Lithographic technology is crucial for fabricating ultralarge-scale integrated circuits. The performance requirements of lithography machines are constantly increasing owing to rapid developments in the semiconductor industry. The use of various resolution enhancement techniques has also led to a continuous reduction in the critical dimensions of integrated circuits. Among them, the source mask optimization (SMO) technology optimizes the pupil illumination mode and mask pattern of the illumination system, effectively improving the lithography resolution and increasing the depth of focus, and thus has been widely used in immersion lithography machines at ≤28 nm nodes. In particular, two methods are commonly employed to implement the freeform illumination: One uses diffractive optical elements to achieve freeform illumination. However, it lacks flexibility because a single element can only produce a single pupil shape. The other method involves precise control of the angular position distribution of the micromirrors in a freeform illumination module to realize different freeform illumination modes. This method is more flexible and can compensate for illumination system deviations in real time. Currently, the freeform illumination module has become a standard feature of immersion lithography machines at ≤28 nm nodes . Micromirror arrays (MMAs) are the core components for implementing freeform illumination, and accurate monitoring of their angular positions is a prerequisite for implementing any illumination mode. However, owing to the high integration and small size of the micromirrors in an MMA, adjacent mirror surface reflections can easily cause crosstalk during the actual detection. This study proposes a spot crosstalk suppression algorithm for detecting the angular positions of MMAs, which enables high-precision detection of the angular position of each micromirror, even under crosstalk conditions.

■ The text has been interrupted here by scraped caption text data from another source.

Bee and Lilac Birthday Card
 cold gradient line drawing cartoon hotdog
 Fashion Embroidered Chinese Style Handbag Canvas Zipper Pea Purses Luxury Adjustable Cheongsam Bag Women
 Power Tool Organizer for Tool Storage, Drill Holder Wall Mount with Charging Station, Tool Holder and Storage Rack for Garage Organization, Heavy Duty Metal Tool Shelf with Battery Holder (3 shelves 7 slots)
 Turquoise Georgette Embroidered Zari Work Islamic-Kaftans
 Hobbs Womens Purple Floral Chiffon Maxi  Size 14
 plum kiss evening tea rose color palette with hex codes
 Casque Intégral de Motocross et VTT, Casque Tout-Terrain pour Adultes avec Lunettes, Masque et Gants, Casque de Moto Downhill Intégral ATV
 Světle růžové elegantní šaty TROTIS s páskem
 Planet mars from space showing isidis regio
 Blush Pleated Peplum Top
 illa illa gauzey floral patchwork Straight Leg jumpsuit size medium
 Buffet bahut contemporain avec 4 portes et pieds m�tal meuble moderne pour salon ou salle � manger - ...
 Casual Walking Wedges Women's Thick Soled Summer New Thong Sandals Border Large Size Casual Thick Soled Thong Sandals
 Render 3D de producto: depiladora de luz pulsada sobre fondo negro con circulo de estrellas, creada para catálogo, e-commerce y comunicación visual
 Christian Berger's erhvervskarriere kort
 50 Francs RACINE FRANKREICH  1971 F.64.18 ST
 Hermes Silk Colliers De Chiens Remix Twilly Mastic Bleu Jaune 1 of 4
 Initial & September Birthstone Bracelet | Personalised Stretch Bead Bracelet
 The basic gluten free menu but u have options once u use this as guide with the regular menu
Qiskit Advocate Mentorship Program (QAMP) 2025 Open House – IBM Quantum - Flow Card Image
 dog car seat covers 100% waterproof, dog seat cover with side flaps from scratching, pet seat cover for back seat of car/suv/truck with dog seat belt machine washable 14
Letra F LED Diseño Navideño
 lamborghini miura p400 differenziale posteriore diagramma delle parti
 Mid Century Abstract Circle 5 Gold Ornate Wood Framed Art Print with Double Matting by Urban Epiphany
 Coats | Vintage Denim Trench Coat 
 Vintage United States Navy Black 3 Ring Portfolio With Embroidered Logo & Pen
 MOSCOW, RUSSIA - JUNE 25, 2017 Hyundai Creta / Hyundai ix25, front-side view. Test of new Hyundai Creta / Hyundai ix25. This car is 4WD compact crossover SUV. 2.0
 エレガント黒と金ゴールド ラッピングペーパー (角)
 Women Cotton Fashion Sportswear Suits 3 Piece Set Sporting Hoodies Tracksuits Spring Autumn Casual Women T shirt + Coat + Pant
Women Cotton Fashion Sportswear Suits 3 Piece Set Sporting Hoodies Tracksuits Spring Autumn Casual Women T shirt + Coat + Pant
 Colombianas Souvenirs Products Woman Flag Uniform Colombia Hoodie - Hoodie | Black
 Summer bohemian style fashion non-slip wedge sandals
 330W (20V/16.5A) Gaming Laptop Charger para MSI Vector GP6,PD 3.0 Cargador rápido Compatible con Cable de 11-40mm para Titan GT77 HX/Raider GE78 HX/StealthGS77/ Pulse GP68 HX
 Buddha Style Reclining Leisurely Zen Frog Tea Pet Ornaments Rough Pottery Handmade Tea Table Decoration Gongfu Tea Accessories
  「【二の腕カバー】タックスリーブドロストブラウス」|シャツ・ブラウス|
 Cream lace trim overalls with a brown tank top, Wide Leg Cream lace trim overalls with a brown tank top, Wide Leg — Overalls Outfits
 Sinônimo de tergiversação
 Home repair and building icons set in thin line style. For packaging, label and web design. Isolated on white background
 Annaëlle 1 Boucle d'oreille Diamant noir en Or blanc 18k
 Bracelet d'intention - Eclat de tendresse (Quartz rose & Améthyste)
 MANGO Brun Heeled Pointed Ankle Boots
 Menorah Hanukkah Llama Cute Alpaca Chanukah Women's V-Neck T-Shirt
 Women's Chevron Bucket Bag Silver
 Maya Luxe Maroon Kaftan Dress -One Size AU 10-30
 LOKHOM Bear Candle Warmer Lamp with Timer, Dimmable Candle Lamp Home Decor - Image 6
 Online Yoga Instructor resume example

A spot crosstalk suppression algorithm for monitoring the angular position of an MMA is proposed to address the issue of crosstalk between adjacent mirror surface reflections, which is prone to occur because of the high integration and small size of the MMA. Accordingly, the relative light intensity matrix is first calibrated by the light intensity of the micromirrors under test and neighboring micromirrors in the array. Because the relative light intensity matrix remains unchanged during the testing process, the centroid light intensity matrix equation can be derived through unified testing and data processing of the MMA. Solving the light intensity matrix equation, the influence of spot crosstalk during the testing process can be eliminated, and ultimately, the angular position information of each micromirror in the MMA can be obtained.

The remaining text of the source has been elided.